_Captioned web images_
━━━━

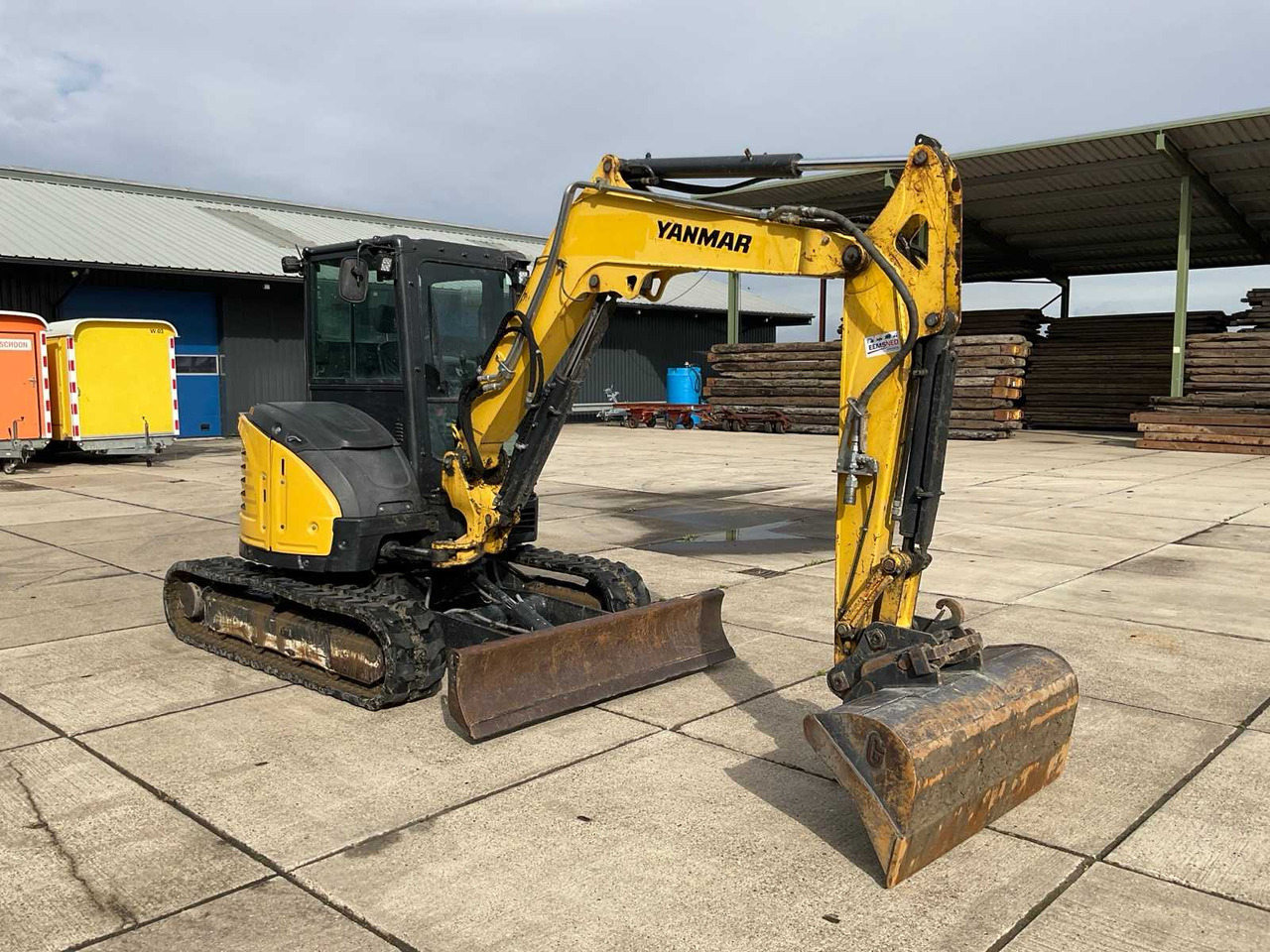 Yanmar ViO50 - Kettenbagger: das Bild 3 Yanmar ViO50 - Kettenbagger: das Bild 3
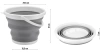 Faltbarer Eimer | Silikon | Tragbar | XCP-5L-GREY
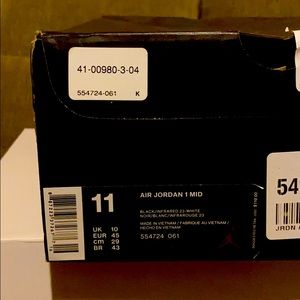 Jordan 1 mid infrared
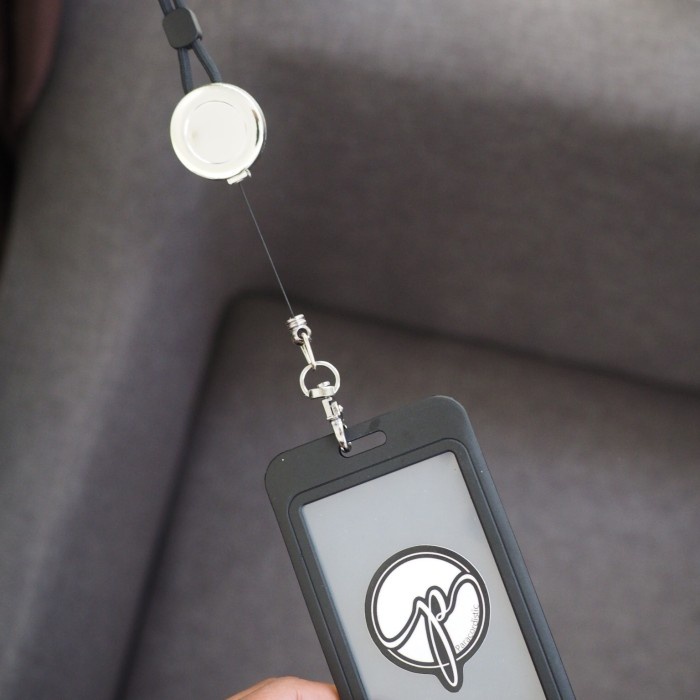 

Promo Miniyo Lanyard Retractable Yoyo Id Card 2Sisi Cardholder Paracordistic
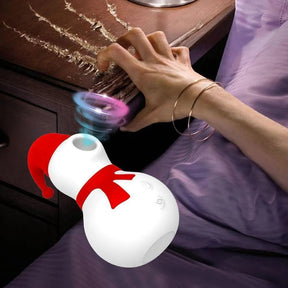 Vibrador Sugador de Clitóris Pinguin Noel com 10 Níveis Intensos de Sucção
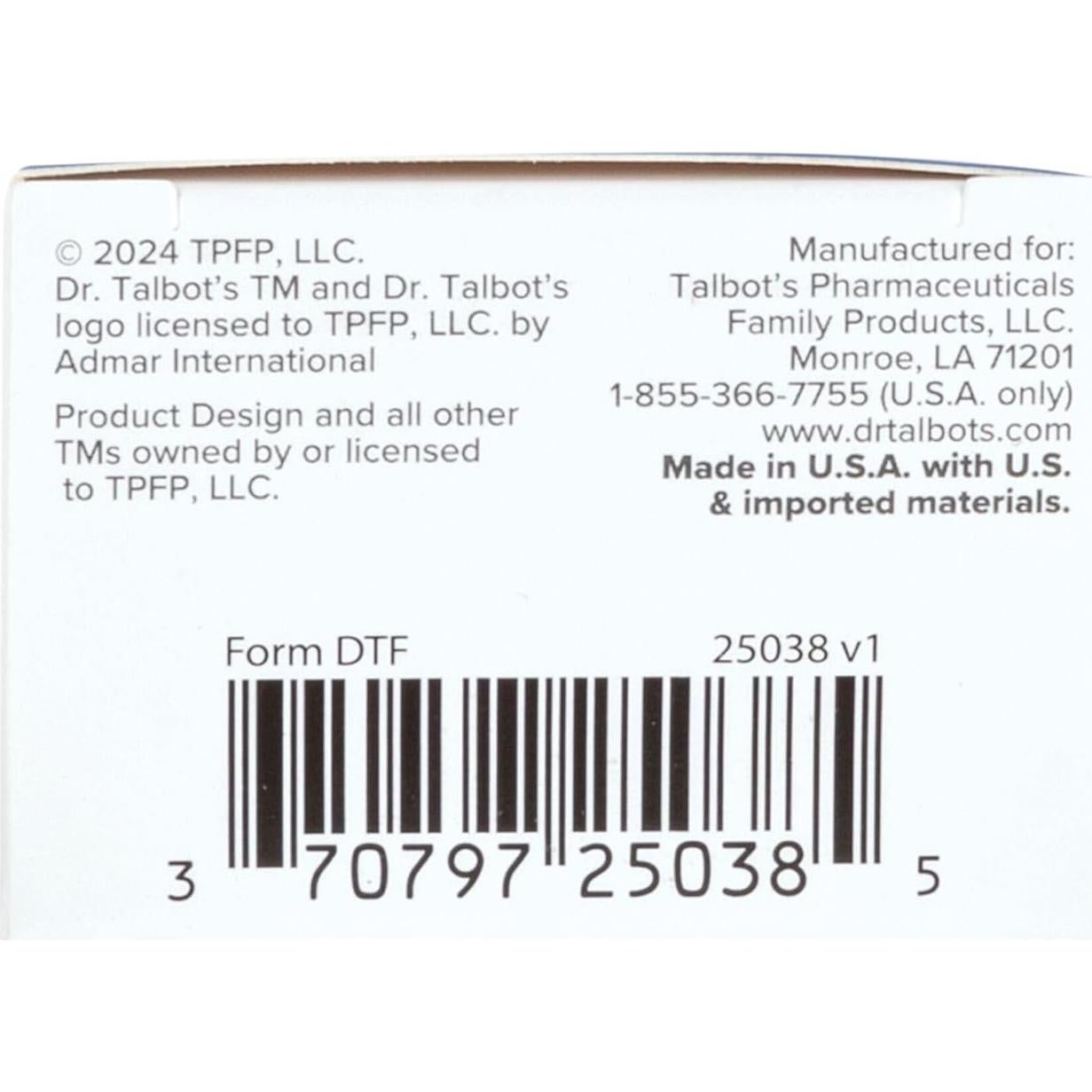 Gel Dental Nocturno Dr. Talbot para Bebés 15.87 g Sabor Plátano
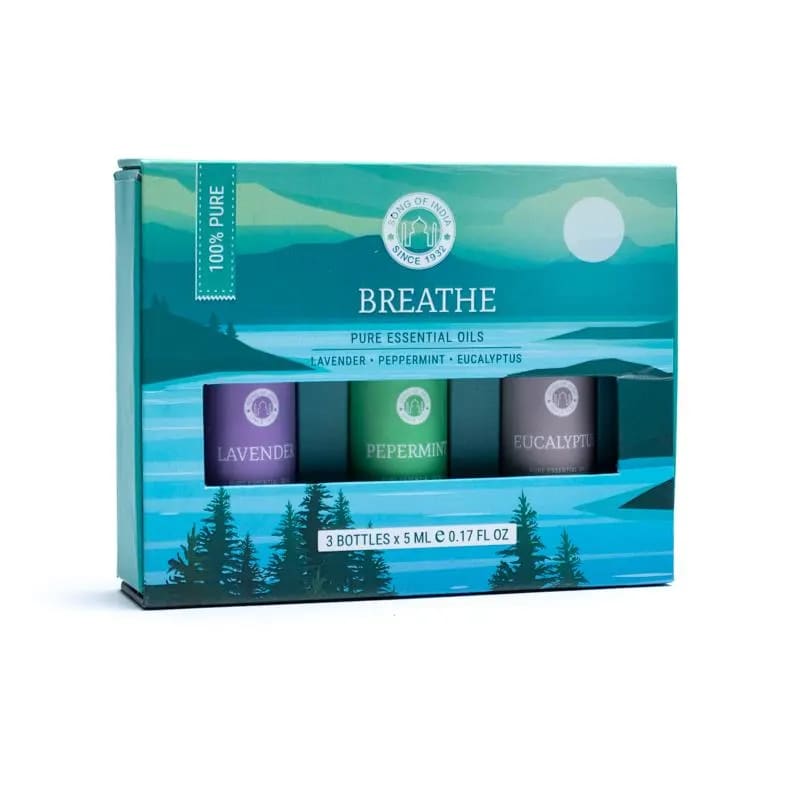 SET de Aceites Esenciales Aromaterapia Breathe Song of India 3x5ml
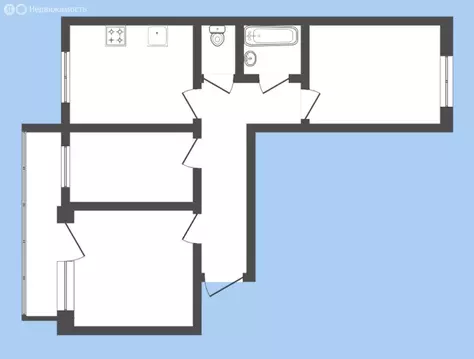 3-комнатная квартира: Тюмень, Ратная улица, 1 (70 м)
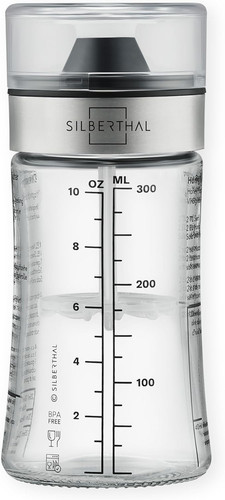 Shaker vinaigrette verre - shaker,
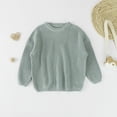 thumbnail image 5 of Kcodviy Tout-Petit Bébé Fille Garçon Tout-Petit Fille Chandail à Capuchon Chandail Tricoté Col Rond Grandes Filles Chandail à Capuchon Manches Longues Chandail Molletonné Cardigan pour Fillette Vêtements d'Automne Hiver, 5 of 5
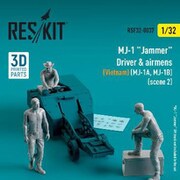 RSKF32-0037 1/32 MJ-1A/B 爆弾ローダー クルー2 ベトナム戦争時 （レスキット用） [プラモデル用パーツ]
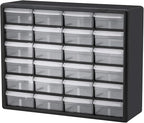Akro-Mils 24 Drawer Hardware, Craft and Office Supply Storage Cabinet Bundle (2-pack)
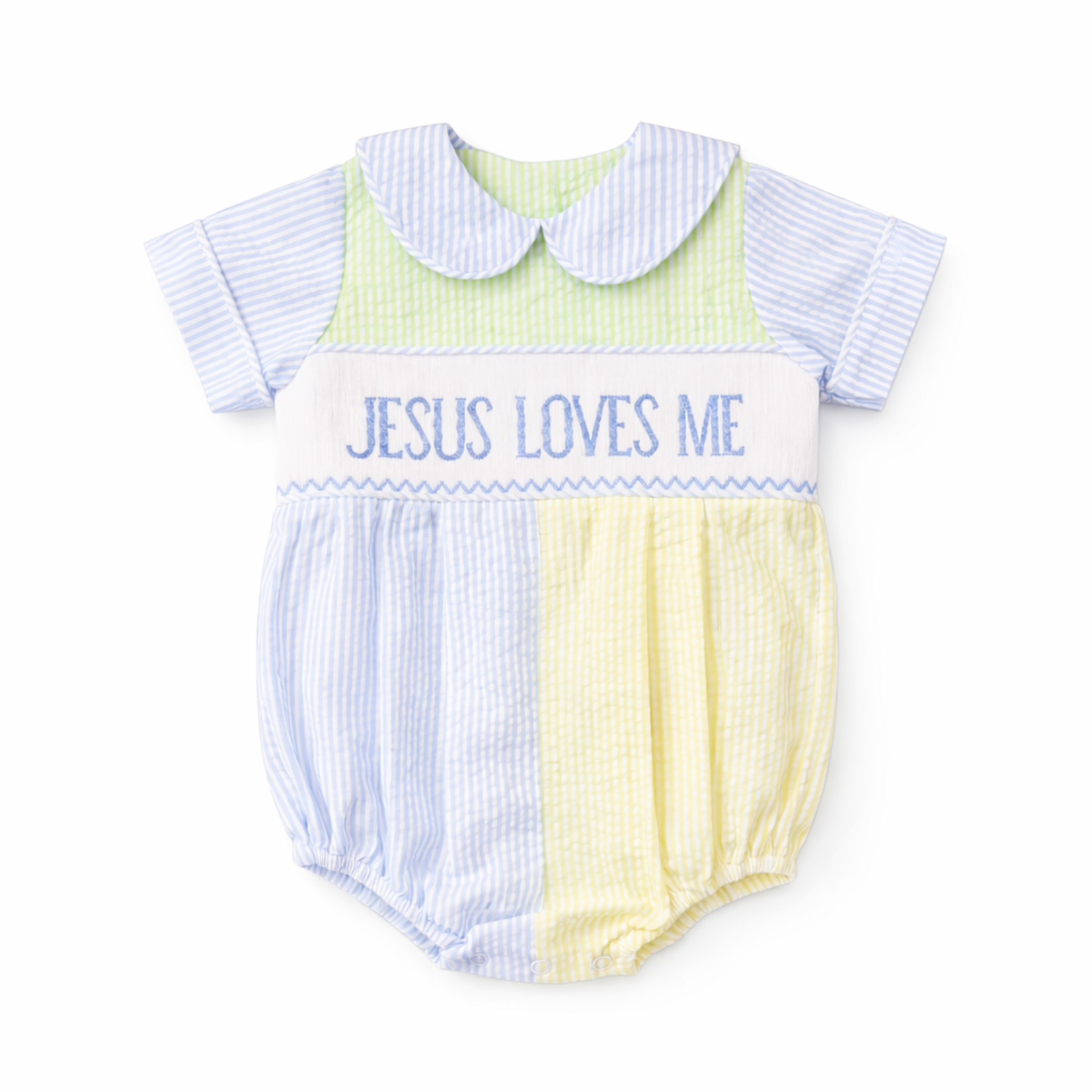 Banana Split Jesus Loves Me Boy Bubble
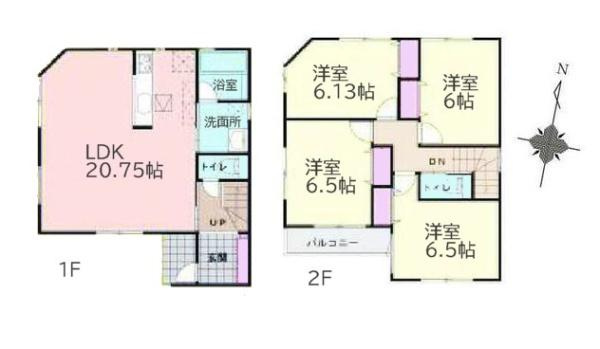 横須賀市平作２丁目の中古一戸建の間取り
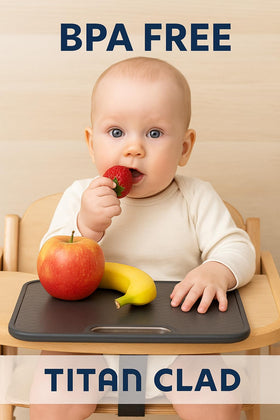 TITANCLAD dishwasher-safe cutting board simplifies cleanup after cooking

━━━━

_PROBLEM REQUIREMENTS_
Lines starting at the one with "Banana Split Jesus Loves Me Boy Bubble" and ending at the last line of the entries above must be restated word for word, with pictures omitted.

_ANSWER SPACE_
 Banana Split Jesus Loves Me Boy Bubble
 横須賀市平作２丁目の中古一戸建の間取り
 TITANCLAD dishwasher-safe cutting board simplifies cleanup after cooking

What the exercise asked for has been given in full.